The Palette outputs 1.75mm filament just like most printers are designed to use which is what allows it to be such a universal solution. It also requires no modification (firmware or hardware) to the printer. The only thing you need to do to your printer is stick on a piece of Velcro (included with Palette) to which the scroll wheel will attach. The scroll wheel is a small measuring device that the filament passes through before entering the printer. It precisely measured the filament used by the printer and relays this information back to The Palette. This allows the Palette to keep track of the print job and even to make compensations if your printer's extruder skips steps, or is over/under extruding. The closed loop feedback system is what allows The Palette and your printer to stay in tune.

There are only 3 calibration constants required for any given printer to be used with The Palette.
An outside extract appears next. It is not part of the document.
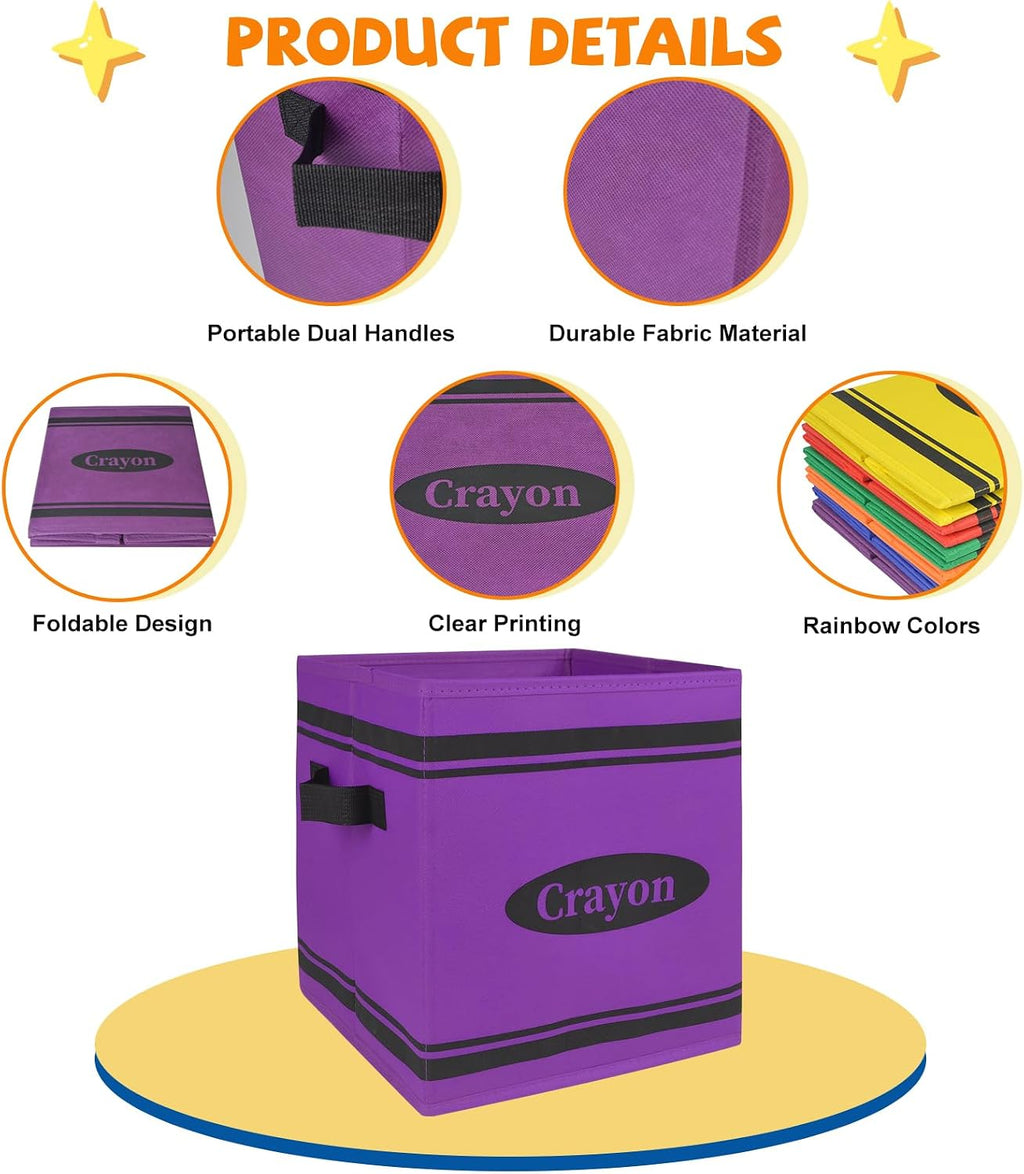 6 Pcs 11" Crayon Classroom Storage Bins, Colorful Fabric Cube Storage Bin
They are the extrusion constant (similar to extrusion multiplier), hot end transition volume constant, and Bowden distance constant. We have designed simple exercises that the Palette's on board LCD screen can guide you through to get each of these constants. We also plan to provide plenty of documentation to ensure this process goes smoothly for everyone. If you use The Palette with more then one of your printers, you will need to do this sequence for each of them once and then you will be set.

There are some more schematics and descriptions on the Kickstarter campaign here: https://www.kickstarter.com/projects...ed/description

----------


## mitchfrommosaic

Hi @Feign, I'm sorry I'm replying to your comment so late but yes knowing the exact position of the nozzle is critical. We have overcome this by implementing a closed loop feedback system that measured the filament consumption by the printer. There is a diagram in our Kickstarter campaign in the "staying in sync" section here:

https://www.kickstarter.com/projects...ed/description

With this set up, knowing the distance between the nozzle and the scroll wheel is critical. We have developed a very simple calibration sequence that uses the scroll wheel to determine this distance. Yes your correct the cross sectional area reduction will magnify any error but through the insertion of a transition buffer we have been able to mitigate this. The high precision scroll wheel keeps the print right on track and in sync allowing for fantastic quality output.

If you have any more questions, I'll be around.

----------


## curious aardvark

well you're looking $849 + post and import tax just for the earlybird kickstarter price. 

So final retail - what  somewhere north of $1000 ?

Yes it's clever - but at that price, just don't see it taking off commercially.

----------